Cenamos la carne que papá había preparado con esmero, como siempre. Estaba deliciosa, jugosa, perfectamente cocida. Me arrepentí del último trozo apenas lo tragué. El estómago comenzó a dolerme, no solo por la comida, sino por la mezcla de emociones que me revolvían por dentro.
No quería volver a casa. No quería ver sus cosas, su ausencia, su silencio. Pero los términos del contrato eran claros, y yo… yo todavía estaba cumpliendo mi parte, como si aún creyera que eso pudiera cambiar algo.
Esa noche dormí mal. Muy mal. Me desperté varias veces con un retortijón en el estómago, como si algo dentro de mí se estuviera revolviendo. La carne, pensé. O tal vez los nervios. Había llorado tanto en las últimas veinticuatro horas que no me quedaban ni fuerzas para digerir.
Apenas clareó el cielo, ya estaba sentada en la cama, con la boca amarga y un peso molesto en el abdomen. Las náuseas iban y venían como olas, pero no llegaban a romper del todo. Solo una sensación constante, fastidiosa, como si mi cuerpo me reprochara algo que aún no entendía.
Fui al baño y me miré al espejo. Pálida. Ojerosa. El cabello aplastado en un lado. No era solo el cansancio. Era… otra cosa. Algo que no sabía nombrar.
Cuando salí, envuelta en mi bata, con el estómago retorcido y los pies arrastrando, me encontré con Arthur en la cocina. Estaba de espaldas, revolviendo algo en la sartén. El olor a mantequilla y pan tostado me golpeó con una fuerza insoportable. Tuve que apoyarme contra el marco de la puerta para no perder el equilibrio.
—Buenos días —dijo sin volverse—. ¿Desayunas conmigo?
Esa voz suya, tan natural, como si nada hubiera pasado, me irritó.

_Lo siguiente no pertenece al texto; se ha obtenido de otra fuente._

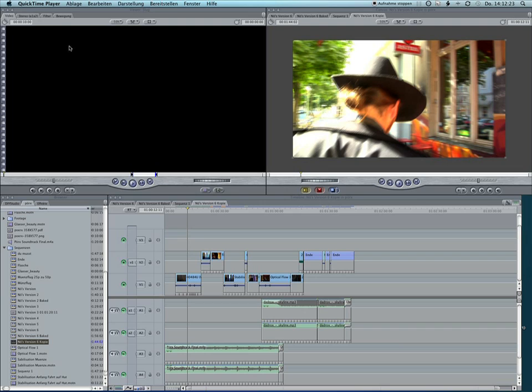I found this process takes too much time and is kind of annoying, so I wrote a script that will export the clip and then automatically import the new file to the position of the original.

Como si el mundo no estuviera patas arriba. Como si mis entrañas no estuvieran gritándome algo.
—No tengo hambre —murmuré, apenas audible.
Arthur se giró y me miró por primera vez. Su ceño se frunció apenas al verme.
—Estás muy pálida. ¿Estás bien?
—Perfectamente —respondí, seca, avanzando hacia la cafetera.
—Sandra… —dijo en ese tono que usaba cuando quería acercarse sin pedir permiso—. ¿Podemos hablar?
—¿Hablar? ¿Ahora? —reí con amargura, aunque me sabía amarga incluso a mí misma—. No sé si es el mejor momento. Llego tarde al trabajo y…
Él cerró los ojos un segundo. No mordió el anzuelo.
—Te hice café. Y hay huevos con tostadas —dijo Arthur desde la cocina, sin mirarme directamente—. Pensé que te gustaría. Solo quería… compartir el desayuno contigo.
Ese gesto, en otro tiempo, me habría tocado. Me habría arrancado una sonrisa, tal vez hasta una lágrima de gratitud. Pero hoy… hoy solo me recordaba todo lo que fingíamos ser. Todo lo que intentábamos sostener sin cimientos. Me senté, no por cortesía, sino porque el mareo me ganó la batalla. El estómago revuelto, la cabeza pesada. Tomé un vaso de agua y luego un sorbo del café, esperando —como una tonta— que ese calor familiar espantara algo del vacío que llevaba dentro.